Dick Leitsch, gay activist who led ‘sip-in,’ dies at 83

Dick Leitsch – the pioneering gay activist who led a 1966 ‘sip-in’ at a New York City bar has died at the age of 83. Leitsch died Friday

A pioneering gay activist who led a 1966 ‘sip-in’ at a New York City bar has died at the age of 83.

Dick Leitsch died Friday at a hospice in Manhattan. His death from liver cancer was confirmed by his brother, John Leitsch, of Louisville, Kentucky.

Leitsch was a leader of the Mattachine Society, an early gay rights group.

His ‘sip-in’ protest was meant to echo lunch counter sit-ins.

On April 21, 1966, Leitsch and three friends – Craig Rodwell, John Timmons and Randy Wicker, along with a Times reporter and Village Voice photographer Fred W. McDarrah — staged the ‘sip-in’ at Julius’, a bar in the Greenwich Village section of Manhattan. 

 Leitsch and three friends sat down at a bar and announced, ‘We are homosexuals.’

The bartender clapped his hand over Leitsch’s glass and refused to serve them. 

The moment was captured by McDarrah and the Times published a story the next day, titled ‘3 Deviates Invite Exclusion By Bars.’

The protest led the state liquor authority to end its practice of using patronage by gay people as an excuse to revoke liquor licenses.

The Mattachine Society, a gay group that counted Leitsch among its leaders, threatened to sue the New York State Liquor Authority to overturn the policy that prohibited bars from knowingly serving alcoholic drinks to gays, the Times reported.

The lawsuit was never filed. Leitsch, in an interview with the Times in March, said ‘The whole thing was bizarre.’

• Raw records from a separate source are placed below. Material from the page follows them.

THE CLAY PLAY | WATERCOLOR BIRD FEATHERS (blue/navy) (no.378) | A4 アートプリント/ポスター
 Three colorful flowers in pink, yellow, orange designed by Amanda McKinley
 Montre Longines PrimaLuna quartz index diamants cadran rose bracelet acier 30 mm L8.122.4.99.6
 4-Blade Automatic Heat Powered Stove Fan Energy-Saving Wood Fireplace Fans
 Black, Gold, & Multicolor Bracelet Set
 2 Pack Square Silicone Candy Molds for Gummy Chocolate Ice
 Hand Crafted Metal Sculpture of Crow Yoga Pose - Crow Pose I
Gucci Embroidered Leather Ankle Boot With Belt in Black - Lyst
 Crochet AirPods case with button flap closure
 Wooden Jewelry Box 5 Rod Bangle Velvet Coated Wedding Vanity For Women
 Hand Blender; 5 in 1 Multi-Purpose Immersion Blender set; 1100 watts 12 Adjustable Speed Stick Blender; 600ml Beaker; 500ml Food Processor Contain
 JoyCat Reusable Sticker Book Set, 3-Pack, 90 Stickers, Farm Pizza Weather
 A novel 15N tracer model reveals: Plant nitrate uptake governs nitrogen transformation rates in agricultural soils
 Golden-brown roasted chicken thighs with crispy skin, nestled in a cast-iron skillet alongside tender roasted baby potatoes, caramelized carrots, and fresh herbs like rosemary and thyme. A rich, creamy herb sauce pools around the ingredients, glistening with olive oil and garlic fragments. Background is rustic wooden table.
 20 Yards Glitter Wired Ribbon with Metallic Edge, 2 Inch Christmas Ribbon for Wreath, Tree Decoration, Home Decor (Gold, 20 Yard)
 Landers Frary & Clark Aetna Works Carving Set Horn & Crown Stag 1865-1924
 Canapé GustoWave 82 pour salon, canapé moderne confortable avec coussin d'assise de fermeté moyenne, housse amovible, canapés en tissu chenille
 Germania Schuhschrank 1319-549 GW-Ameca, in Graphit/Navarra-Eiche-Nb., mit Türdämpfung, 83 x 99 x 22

‘We didn’t need to prove that the bars refused to serve us, or that the liquor authority revoked licenses for serving gays,’ Leitsch told the newspaper. ‘They denied ever doing it.’

The publicity led to a Mattachine lawsuit in New Jersey, the Washington Post reported.

In 1967, the New Jersey Supreme Court ruled that ‘well-behaved homosexuals’ could not be barred from a drink.

‘In our culture, homosexuals are indeed unfortunates,’ the New Jersey ruling said. But ‘their status does not make them criminals or outlaws.’

Richard Joseph Leitsch was born in Louisville, Kentucky, on May 11, 1935. Survivors include a brother and sister. 

His partner of 17 years, Timothy Scoffield, was diagnosed with AIDS and died in 1989.